No entanto, ela não tinha intenção de roubar a ideia de negócio de outra pessoa.
Embora tivesse retornado milagrosamente ao passado, sentia que seria errado usá-lo puramente para ganho pessoal.
Em vez disso, o que ela almejava era…
“Se minha memória não me falha, em breve o camareiro do meu irmão comprará várias pinturas em um leilão.”
Em um jantar em família, Ivan reclamou que seu camareiro havia comprado pinturas baratas.
Mas dois anos depois, o pintor que as criou chamaria a atenção do Marquês de Piace, uma família famosa por apoiar artistas há gerações, e alcançaria a fama.
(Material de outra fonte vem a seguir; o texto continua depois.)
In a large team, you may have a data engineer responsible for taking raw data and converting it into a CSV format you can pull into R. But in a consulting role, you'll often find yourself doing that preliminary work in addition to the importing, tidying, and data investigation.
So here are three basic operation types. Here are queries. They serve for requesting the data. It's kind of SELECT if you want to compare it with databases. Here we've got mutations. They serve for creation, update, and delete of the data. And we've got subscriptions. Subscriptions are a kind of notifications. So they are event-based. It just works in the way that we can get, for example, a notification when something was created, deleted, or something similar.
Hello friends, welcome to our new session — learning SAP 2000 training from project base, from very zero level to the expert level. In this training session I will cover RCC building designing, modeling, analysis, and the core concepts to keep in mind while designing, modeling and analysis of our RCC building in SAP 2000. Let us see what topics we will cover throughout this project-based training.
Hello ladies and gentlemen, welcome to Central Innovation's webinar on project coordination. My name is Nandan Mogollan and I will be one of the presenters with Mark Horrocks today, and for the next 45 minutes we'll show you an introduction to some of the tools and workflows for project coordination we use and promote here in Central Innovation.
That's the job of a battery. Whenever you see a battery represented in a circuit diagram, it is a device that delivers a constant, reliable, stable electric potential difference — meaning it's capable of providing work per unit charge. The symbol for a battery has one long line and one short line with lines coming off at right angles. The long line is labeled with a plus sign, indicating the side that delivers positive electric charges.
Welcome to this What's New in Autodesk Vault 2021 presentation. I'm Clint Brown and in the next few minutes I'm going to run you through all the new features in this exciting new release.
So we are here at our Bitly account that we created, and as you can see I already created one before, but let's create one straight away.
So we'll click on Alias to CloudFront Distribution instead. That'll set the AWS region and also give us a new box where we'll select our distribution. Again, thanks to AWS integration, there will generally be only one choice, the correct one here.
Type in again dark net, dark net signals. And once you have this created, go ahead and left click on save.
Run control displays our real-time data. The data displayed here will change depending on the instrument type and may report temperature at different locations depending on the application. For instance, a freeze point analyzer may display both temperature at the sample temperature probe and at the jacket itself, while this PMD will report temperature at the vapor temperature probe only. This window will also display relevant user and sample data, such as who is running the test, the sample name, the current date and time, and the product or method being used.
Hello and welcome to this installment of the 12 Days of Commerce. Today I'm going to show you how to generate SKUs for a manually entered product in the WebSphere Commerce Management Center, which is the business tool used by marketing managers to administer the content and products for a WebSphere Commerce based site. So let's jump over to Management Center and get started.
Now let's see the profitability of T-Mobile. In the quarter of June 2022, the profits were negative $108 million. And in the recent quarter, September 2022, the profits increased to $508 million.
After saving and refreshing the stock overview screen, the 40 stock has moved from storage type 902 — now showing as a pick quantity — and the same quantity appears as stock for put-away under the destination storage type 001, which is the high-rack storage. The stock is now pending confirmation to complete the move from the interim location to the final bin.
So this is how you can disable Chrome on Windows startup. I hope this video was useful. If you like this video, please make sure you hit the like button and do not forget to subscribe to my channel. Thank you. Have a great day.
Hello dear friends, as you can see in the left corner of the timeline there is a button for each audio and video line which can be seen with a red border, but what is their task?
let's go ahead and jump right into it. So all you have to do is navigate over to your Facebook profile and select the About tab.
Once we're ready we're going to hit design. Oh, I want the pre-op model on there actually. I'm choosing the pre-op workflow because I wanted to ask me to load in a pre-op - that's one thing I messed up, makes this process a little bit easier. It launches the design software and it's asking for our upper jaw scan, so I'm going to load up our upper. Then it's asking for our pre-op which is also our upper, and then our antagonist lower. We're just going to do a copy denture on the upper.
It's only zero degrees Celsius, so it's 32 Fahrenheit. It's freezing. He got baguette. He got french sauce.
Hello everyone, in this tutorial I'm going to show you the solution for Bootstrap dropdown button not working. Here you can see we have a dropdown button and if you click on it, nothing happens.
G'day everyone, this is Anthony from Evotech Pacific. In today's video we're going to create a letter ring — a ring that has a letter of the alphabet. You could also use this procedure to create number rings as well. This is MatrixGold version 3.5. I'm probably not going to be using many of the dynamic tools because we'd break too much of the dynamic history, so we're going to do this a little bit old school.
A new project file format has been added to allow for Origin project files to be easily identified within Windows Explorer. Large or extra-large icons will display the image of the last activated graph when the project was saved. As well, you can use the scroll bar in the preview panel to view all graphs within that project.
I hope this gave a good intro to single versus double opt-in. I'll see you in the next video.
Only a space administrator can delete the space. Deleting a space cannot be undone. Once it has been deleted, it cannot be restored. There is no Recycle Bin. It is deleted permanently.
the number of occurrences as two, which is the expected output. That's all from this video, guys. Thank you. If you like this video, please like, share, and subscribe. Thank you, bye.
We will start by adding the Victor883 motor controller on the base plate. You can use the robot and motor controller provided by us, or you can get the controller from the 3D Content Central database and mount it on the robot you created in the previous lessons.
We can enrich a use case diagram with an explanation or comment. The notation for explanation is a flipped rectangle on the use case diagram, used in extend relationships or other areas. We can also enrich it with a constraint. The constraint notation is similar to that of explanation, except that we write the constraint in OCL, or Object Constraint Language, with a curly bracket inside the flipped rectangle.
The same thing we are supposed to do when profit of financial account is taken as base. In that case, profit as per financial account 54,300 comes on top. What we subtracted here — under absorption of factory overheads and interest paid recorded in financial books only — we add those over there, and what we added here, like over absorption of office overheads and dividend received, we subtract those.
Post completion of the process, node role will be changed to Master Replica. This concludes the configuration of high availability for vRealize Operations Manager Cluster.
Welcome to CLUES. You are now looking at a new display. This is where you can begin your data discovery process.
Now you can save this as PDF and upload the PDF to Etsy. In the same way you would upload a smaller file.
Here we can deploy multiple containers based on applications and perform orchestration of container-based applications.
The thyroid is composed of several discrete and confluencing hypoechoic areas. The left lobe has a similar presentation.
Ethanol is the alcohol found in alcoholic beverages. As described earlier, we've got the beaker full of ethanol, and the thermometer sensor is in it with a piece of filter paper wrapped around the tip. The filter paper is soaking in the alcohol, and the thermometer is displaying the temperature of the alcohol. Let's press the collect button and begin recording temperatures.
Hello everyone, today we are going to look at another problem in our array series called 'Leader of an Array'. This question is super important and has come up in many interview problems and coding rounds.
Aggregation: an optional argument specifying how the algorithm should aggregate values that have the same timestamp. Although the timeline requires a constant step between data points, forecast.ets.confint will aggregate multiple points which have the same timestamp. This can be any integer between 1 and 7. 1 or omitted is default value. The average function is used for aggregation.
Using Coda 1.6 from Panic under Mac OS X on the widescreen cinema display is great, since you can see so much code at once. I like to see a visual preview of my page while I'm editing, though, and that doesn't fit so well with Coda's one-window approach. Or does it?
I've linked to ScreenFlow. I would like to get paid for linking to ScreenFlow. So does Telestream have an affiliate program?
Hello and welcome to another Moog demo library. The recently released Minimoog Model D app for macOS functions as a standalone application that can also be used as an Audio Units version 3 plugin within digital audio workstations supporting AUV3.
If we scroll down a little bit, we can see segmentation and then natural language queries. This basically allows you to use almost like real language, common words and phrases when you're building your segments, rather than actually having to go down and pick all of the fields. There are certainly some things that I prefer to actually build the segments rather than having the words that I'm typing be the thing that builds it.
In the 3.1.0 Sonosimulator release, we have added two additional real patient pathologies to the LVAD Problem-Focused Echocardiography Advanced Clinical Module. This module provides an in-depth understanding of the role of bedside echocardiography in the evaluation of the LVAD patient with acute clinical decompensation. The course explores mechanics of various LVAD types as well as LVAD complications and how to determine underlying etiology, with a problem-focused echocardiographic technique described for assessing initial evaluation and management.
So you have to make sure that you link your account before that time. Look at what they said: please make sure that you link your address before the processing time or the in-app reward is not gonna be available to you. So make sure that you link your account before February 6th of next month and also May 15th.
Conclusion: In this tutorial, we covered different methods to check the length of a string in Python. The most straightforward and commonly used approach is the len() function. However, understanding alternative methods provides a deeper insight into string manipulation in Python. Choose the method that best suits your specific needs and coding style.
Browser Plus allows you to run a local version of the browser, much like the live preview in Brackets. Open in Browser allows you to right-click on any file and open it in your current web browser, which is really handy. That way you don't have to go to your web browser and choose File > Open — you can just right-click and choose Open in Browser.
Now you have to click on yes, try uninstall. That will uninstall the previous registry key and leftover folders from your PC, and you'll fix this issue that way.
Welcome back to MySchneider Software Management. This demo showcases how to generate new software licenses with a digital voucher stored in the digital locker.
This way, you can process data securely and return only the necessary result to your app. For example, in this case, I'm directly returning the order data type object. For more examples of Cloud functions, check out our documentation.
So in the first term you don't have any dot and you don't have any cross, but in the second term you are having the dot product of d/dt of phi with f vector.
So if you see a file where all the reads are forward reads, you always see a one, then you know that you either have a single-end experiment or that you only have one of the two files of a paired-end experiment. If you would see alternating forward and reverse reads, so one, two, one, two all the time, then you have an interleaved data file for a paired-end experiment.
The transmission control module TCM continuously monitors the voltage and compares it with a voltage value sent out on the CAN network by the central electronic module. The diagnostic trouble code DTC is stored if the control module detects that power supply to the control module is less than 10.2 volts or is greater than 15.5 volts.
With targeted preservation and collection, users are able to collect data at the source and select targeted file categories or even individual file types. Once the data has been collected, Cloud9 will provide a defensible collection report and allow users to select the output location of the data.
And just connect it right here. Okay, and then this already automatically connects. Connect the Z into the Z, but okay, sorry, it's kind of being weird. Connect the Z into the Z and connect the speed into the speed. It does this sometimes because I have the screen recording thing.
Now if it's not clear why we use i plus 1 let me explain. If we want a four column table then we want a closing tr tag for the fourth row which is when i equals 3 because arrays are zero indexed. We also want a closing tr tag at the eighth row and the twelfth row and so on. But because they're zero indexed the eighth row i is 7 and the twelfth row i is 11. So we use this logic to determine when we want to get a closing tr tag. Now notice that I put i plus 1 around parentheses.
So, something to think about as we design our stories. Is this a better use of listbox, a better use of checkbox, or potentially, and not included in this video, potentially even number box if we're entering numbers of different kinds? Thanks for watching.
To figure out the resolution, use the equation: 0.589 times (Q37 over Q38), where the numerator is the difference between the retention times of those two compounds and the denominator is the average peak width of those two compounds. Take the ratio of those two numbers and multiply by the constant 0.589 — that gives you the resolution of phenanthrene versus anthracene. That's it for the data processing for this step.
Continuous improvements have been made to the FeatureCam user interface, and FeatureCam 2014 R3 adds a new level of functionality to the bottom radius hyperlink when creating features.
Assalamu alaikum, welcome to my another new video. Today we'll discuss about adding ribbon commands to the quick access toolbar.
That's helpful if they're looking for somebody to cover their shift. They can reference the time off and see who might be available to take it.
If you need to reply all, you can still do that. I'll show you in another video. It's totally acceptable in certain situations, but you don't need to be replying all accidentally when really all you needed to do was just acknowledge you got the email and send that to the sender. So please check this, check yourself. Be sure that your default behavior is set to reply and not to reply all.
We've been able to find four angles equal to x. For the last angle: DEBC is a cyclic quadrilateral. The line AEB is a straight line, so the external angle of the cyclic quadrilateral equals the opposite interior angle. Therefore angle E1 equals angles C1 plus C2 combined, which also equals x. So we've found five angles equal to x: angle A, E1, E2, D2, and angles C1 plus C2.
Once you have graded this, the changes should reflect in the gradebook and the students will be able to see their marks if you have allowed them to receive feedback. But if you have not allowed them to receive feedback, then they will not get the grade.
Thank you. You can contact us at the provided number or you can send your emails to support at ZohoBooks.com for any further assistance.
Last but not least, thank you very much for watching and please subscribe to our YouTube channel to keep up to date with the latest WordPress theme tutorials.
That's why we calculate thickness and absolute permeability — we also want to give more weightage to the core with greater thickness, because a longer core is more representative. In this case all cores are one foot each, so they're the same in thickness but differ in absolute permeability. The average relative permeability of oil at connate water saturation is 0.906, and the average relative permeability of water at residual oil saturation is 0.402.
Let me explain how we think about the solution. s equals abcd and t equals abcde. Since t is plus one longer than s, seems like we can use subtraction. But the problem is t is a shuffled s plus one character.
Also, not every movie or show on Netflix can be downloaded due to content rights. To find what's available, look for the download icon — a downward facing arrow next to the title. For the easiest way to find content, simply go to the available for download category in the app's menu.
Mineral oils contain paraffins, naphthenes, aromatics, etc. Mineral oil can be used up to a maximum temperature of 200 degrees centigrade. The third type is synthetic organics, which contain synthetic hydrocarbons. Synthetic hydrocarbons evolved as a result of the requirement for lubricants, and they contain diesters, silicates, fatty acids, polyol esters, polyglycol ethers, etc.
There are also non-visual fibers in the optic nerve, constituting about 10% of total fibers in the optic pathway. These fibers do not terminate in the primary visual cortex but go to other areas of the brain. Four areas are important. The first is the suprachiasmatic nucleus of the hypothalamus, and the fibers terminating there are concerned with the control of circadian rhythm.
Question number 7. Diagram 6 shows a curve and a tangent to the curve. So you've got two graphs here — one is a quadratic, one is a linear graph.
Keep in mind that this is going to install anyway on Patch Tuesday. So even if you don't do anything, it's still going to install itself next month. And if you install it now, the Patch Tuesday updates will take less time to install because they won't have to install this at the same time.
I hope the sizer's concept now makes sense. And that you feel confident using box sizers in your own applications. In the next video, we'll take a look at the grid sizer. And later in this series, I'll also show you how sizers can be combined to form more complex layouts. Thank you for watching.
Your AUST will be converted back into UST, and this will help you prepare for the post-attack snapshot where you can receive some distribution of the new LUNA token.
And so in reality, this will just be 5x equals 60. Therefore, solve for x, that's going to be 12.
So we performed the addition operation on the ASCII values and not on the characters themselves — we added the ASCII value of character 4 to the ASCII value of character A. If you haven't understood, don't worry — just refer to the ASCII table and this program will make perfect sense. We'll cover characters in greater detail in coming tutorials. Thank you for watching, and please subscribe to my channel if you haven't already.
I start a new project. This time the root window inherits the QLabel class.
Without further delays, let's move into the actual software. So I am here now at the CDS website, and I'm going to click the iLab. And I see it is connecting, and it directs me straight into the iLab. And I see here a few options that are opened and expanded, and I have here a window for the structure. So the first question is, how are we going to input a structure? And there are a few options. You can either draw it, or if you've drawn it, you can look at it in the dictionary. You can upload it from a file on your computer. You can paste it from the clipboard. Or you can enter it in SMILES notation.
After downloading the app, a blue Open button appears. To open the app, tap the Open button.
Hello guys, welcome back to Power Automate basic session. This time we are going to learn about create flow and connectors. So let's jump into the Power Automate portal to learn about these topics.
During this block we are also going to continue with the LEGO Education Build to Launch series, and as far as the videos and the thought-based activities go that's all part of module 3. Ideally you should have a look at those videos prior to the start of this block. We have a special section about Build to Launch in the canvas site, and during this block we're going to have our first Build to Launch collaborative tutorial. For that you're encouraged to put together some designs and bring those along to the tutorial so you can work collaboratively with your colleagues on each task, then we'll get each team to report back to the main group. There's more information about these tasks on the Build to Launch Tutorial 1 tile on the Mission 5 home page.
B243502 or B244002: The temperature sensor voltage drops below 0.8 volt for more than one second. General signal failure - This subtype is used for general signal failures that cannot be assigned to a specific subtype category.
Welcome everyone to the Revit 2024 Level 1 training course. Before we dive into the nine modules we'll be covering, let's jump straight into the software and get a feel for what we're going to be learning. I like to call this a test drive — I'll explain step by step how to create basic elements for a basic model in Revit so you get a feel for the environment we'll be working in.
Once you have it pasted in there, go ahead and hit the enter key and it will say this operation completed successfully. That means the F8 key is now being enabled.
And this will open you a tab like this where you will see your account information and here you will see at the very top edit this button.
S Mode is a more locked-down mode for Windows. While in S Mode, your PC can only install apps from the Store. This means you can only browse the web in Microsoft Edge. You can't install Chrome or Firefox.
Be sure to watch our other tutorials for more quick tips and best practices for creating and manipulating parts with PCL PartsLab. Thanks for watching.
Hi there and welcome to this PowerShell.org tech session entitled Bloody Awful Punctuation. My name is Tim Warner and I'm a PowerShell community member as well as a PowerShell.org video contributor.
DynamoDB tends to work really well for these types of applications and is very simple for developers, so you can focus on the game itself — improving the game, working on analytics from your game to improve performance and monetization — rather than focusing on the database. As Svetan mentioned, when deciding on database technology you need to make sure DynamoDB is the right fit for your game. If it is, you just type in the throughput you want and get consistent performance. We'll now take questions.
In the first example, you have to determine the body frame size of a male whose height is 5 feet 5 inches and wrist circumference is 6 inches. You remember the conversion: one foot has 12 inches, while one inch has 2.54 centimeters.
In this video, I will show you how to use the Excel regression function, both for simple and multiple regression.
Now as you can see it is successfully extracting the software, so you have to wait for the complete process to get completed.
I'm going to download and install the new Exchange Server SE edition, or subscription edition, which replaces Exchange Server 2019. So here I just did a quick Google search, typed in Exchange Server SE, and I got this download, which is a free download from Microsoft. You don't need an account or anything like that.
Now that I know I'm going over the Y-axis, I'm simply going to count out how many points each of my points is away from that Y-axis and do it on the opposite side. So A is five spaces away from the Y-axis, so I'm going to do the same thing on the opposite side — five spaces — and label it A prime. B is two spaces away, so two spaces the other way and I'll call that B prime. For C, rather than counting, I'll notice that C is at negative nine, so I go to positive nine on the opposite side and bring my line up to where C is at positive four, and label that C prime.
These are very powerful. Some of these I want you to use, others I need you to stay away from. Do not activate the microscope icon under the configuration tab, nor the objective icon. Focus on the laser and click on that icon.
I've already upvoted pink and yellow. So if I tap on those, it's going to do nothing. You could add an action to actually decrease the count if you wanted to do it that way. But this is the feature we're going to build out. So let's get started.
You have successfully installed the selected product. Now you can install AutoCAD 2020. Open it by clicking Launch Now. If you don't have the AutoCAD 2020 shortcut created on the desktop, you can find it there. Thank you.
Naturalmente, o valor de suas pinturas também dispararia.
Só então Ivan recuperou as pinturas que havia jogado descuidadamente no depósito e se gabou de sua perspicácia artística.
Blair planejava ficar com uma pequena parte do que eventualmente se tornaria de Ivan.
Afinal, quanto ela havia perdido para ele ao longo da vida?
Certamente ela poderia reivindicar pelo menos isso para si.
Ela se justificou dessa forma.
“Levará dois anos para o valor da pintura aumentar, mas de qualquer forma, pretendo descansar até o nascimento de Asiel.”
Mesmo após o assunto de negócios, Mikhail conduziu a conversa habilmente para que Blair não se concentrasse nos sons da sala ao lado.
Tendo viajado por muitos países como mestre de guilda, ele contava histórias que inevitavelmente fascinavam Blair, observando discretamente como seus olhos brilhavam mais do que o normal.
Depois de um tempo, quando a sala ao lado finalmente ficou silenciosa, Mikhail naturalmente encerrou a conversa.
Graças a isso, Blair pôde terminar de assistir à peça que vira quando criança.
Logo, a peça terminou.
“Eu a acompanharei.”
Mikhail estendeu a mão para Blair.
Blair aceitou sua mão e se levantou.
Mas, após apenas alguns passos, Mikhail parou na porta.
“Infelizmente, minha escolta termina aqui.
Ainda não é o momento certo.”
Blair olhou para ele por um instante e perguntou de repente:
“Você é um nobre?”
Mesmo no futuro que Blair conhecia, a identidade de Mikhail nunca havia sido revelada.
Ela naturalmente presumira que ele fosse um plebeu, mas, após conhecê-lo pessoalmente, ele pareceu extremamente versado na etiqueta da nobreza.
Diante da pergunta repentina de Blair, Mikhail sorriu levemente.
“Se eu aparento ser assim, então suponho que seja uma sorte.”
Ele respondeu com suavidade, desviando-se da pergunta naturalmente.
Percebendo isso, Blair não insistiu.
Mikhail beijou levemente o dorso da mão de Blair e a soltou.
“Então espero vê-la novamente em breve, Duquesa.”
* * *
“Bem-vinda de volta, minha senhora.”
Quando Blair chegou à residência ducal, Mason e os criados enfileirados a cumprimentaram.
Ao entrar na mansão, Blair perguntou:
“Onde está o Duque?”
“Sua agenda da tarde terminou cedo, então ele retornou há pouco.”
Quando Blair ouviu que Heredin estava na mansão, seu coração afundou.
Nada havia acontecido com Mikhail no teatro, e seu casamento com Heredin era estritamente contratual e superficial.
Mas ela ainda se sentia inquieta.
Como alguém que retorna para casa depois de ter um caso.
Mesmo que tudo o que ela estivesse fazendo fosse simplesmente parte de um plano para conseguir o divórcio seguro que ele desejava.
Como vinha fazendo ultimamente, Blair subiu as escadas esperando não encontrar Heredin.
Mas os deuses não estavam do seu lado.
Ao lado da porta estava Heredin, à sua espera.
O marido, cujo rosto ela não vira nem de perto nos últimos quinze dias, permanecia ali com um olhar frio.